> [Data in this exercise]
··········

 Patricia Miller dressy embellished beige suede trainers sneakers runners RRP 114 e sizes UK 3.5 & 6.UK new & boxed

··········

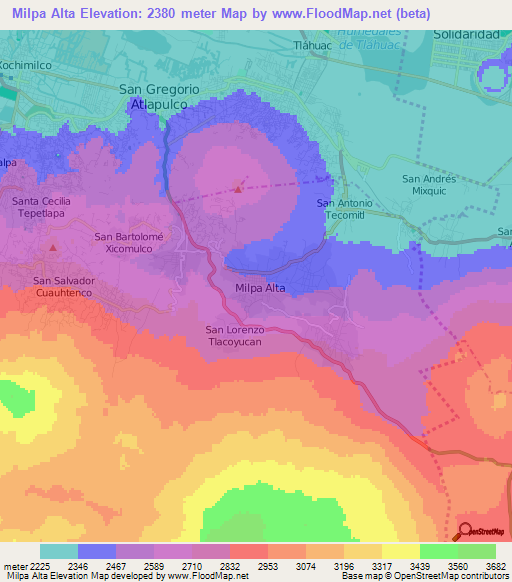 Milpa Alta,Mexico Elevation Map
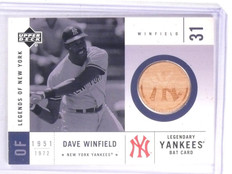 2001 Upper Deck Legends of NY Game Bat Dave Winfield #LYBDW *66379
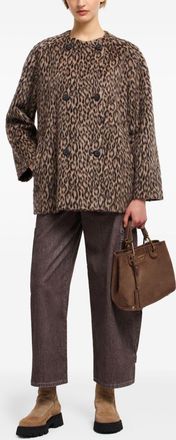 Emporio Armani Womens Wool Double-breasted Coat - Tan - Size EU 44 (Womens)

··········

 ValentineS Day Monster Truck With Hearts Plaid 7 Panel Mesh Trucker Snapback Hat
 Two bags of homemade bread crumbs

··········

What's needed is an exact copy of the lines above from the one with "2001 Upper Deck" through the one with "Emporio Armani Womens", both included; the pictures stay out.

 2001 Upper Deck Legends of NY Game Bat Dave Winfield #LYBDW *66379
 Emporio Armani Womens Wool Double-breasted Coat - Tan - Size EU 44 (Womens)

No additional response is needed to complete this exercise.